I have inside information that this is more than “very likely”, it is exactly right, at least since 2006. I got this information on accident; it was forwarded to me as part of a response to a question I posed via friendly channels at Google. The email quoted below is the full, unchanged response from a well-known SEO personality who worked at Google.
The problem that inspired my inquiry was almost exactly what Rand describes– 40% traffic drop, rankings on “head” terms were fine, but traffic from thousands of long-tail searches was gone, and the sinking realization that large parts of my site went Supplemental. Here’s the answer I got:
On XX/XX/06, XXXXXXXXXXXXX wrote:
The main issue is the dramatic decline of backlinks (which is likely causing the PageRank issue). The duplicate content issue isn’t that there are lots of pages that are exactly the same, but that each page isn’t unique enough (too much boilerplate that is the same from page to page and not enough content that is different). But fixing that is not going to help too much. It’s mostly the backlink problem.

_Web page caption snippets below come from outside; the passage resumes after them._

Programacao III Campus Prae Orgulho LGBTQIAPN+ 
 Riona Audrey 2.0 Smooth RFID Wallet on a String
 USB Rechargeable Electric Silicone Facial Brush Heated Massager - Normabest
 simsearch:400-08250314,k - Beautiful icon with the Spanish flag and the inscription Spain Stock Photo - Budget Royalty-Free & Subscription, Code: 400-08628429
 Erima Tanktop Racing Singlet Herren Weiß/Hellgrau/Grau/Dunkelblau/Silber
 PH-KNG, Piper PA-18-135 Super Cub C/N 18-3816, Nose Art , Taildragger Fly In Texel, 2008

If the issue on backlinks is that other sites are linking to 404 pages and not actual pages, putting in 301 redirects for every incorrect link (which they can get a list of in webmaster tools crawl errors) will help.
I’ll see if I can find out if the # of backlinks actually did drop or if we just changed our algorithms to discount many of them. I’m not sure what, if anything, we’ll be able to tell him about what I find out though.
Supplemental results aren’t results that don’t change much, they are results that don’t have enough PageRank to make it into our main index (we can’t tell him that, of course). [emphasis added]
So to sum-up, the key points are:
- Google imposes a cap on the number of pages you can have in the Main index (unless you have infinite inbound links, see next point)
- The cap is determined by the number of backlinks to each page (PageRank)
- Google’s Main Index includes only pages with “sufficient PageRank”
- Everything else (pages with “insufficient PageRank”) goes into Google’s Supplemental Index
- Google has never publically confirmed this
Questions I still have:
- In looking at “backlinks,” with respect to the indexation question, is Google doing a simplistic link count or is “backlinks” a euphamism for PageRank? (My guess is that it’s the later, backlinks = PageRank).
- Does Google care whether the backlinks/PageRank to a page come from internal or external sources? (My guess is that internal links still influence the “backlinks” to a certain page and thus it’s possible for a site to influence which pages are in the Main index versus Supplemental by “managing” PageRank via their link graph).
- How might have Google change this algorithm in the past 3 years?
So if your link graph influences which pages are in the Main index (and hopefully I’ve said that generally enough to avoid wading into the debate over nofollow’s efficacy), there are some very striking implications which I’m sure others will explore.
For starters, maybe you deprive some pages of PR (links) so you can concentrate the PR on more valuable pages you can actually “lift” from the Supplemental results (i.e. pages associated with valuable keywords or where the SERP is weak enough to achieve a top 3 ranking). I’ll leave the tactical question regarding whether nofollow tags are effective ways to do this to others.